The most common approach can be seen in the following youtube video. http://www.youtube.com/watch?v=xML2S6bvMwI

This method is not quite robust, as it tends to fail if the hand is rotated to much (eg; if the camera is looking at the side of the hand or at a partially bent hand).

If you do not mind using two camera's you can look into the work Robert Wang. His current company (3GearSystems) uses this technology, augmented with a kinect, to provide tracking. His original paper uses two webcams but has much worse tracking.

Wang, Robert, Sylvain Paris, and Jovan Popović. "6d hands: markerless hand-tracking for computer aided design." Proceedings of the 24th annual ACM symposium on User interface software and technology. ACM, 2011.

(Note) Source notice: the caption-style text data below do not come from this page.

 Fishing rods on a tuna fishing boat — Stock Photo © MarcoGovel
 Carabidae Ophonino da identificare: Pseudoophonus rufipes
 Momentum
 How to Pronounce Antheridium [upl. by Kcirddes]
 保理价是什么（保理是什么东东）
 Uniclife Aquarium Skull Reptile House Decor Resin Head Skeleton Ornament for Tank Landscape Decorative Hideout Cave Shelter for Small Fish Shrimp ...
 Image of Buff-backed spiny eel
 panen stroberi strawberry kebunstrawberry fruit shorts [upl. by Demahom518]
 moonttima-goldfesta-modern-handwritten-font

Another option (again if using "more" than a single webcam is possible), is to use a IR emitter. Your hand reflects IR light quite well whereas the background does not. By adding a filter to the webcam that filters normal light (and removing the standard filter that does the opposite) you can create a quite effective hand tracking. The advantage of this method is that the segmentation of the hand from the background is much simpler. Depending on the distance and the quality of the camera, you would need more IR leds, in order to reflect sufficient light back into the webcam. The leap motion uses this technology to track the fingers & palms (it uses 2 IR cameras and 3 IR leds to also get depth information).

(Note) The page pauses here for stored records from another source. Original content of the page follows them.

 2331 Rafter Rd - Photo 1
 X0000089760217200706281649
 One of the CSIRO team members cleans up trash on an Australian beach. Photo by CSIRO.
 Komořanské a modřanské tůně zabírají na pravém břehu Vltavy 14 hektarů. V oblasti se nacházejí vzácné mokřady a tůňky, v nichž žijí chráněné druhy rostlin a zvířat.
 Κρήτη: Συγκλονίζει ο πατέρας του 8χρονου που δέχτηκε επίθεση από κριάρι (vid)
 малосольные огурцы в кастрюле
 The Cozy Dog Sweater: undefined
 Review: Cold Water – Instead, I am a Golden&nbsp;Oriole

All that being said; I think the Kinect is your best option in this. Yes, you don't need the depth, but the depth information does make it a lot easier to detect the hand (using the depth information for the segmentation).

Question 5

My suggestion, given your constraints, would be to use something like this: http://docs.opencv.org/doc/tutorials/objdetect/cascade_classifier/cascade_classifier.html

Here is a tutorial for using it for face detection: http://opencv.willowgarage.com/wiki/FaceDetection?highlight=%28facial%29|%28recognition%29

The problem you have described is quite difficult, and I'm not sure that trying to do it using only a webcam is a reasonable plan, but this is probably your best bet. As explained here (http://docs.opencv.org/modules/objdetect/doc/cascade_classification.html?highlight=load#cascadeclassifier-load), you will need to train the classifier with something like this:

http://docs.opencv.org/doc/user_guide/ug_traincascade.html

Remember: Even though you don't require the depth information for your use, having this information makes it easier for the library to identify a hand.

Question 6

I don't know about possible existing solutions. If supervised (or semi-supervised) learning is an option, training decision trees or neural networks might already be enough (kinect uses random forests from what i have heard). Before you go such a path, do everything you can to find an existing solution. Getting Machine Learning stuff right takes a lot of time and experimentation.

OpenCV has machine learning components, what you would need is training data.

Question 7

With the motion tracking features of the open source Blender project it is possible to create a 3D model based on 2D footage. No kinect needed. Since blender is open source you might be able to use their pyton scripts outside the blender framework for your own purposes.

Question 8

Have you ever heard about Eyesweb

I have been using it for one of my project and I though it might be usefull for what you want to achieve. Here are some interesting publication LNAI 3881 - Finger Tracking Methods Using EyesWeb and Powerpointing-HCI using gestures

Basically the workflow is:

You create your patch in EyesWeb
Prepare the datas you want to send with a network client
Use theses processed datas on your own server (your app)

However, I don't know if there is a way to embed the real time image processing part of Eyes Web into a soft as a library.